Key Default Type Description
auth-token
(none) String Authentication token for secured Triton servers.
compression
(none) String Compression algorithm for request body. Currently only gzip is supported. When enabled, the request body will be compressed to reduce network bandwidth.
custom-headers
(none) Map Custom HTTP headers as key-value pairs. Example: 'X-Custom-Header:value,X-Another:value2'
endpoint
(none) String Full URL of the Triton Inference Server endpoint, e.g., https://triton-server:8000/v2/models. Both HTTP and HTTPS are supported; HTTPS is recommended for production.
flatten-batch-dim
false Boolean Whether to flatten the batch dimension for array inputs. When true, shape [1,N] becomes [N]. Defaults to false.
model-name
(none) String Name of the model to invoke on Triton server.
model-version
"latest" String Version of the model to use.
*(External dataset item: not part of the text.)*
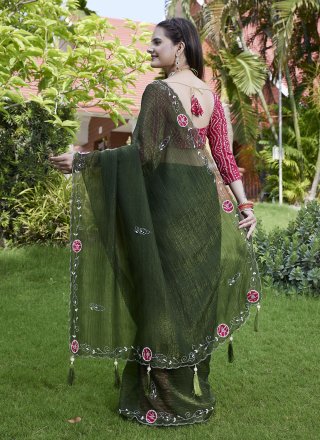 Diamond and Hand Work Chiffon Contemporary Saree In Green for Ceremonial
Defaults to 'latest'.
priority
(none) Integer Request priority level (0-255). Higher values indicate higher priority.
sequence-end
false Boolean Whether this request marks the end of a sequence for stateful models. When true, Triton will release the model's state after processing this request. See Triton Stateful Models for more details.
sequence-id
(none) String Sequence ID for stateful models. A sequence represents a series of inference requests that must be routed to the same model instance to maintain state across requests (e.g., for RNN/LSTM models). See Triton Stateful Models for more details.
sequence-start
false Boolean Whether this request marks the start of a new sequence for stateful models. When true, Triton will initialize the model's state before processing this request. See Triton Stateful Models for more details.
timeout
30 s Duration HTTP request timeout (connect + read + write). This applies per individual request and is separate from Flink's async timeout. Defaults to 30 seconds.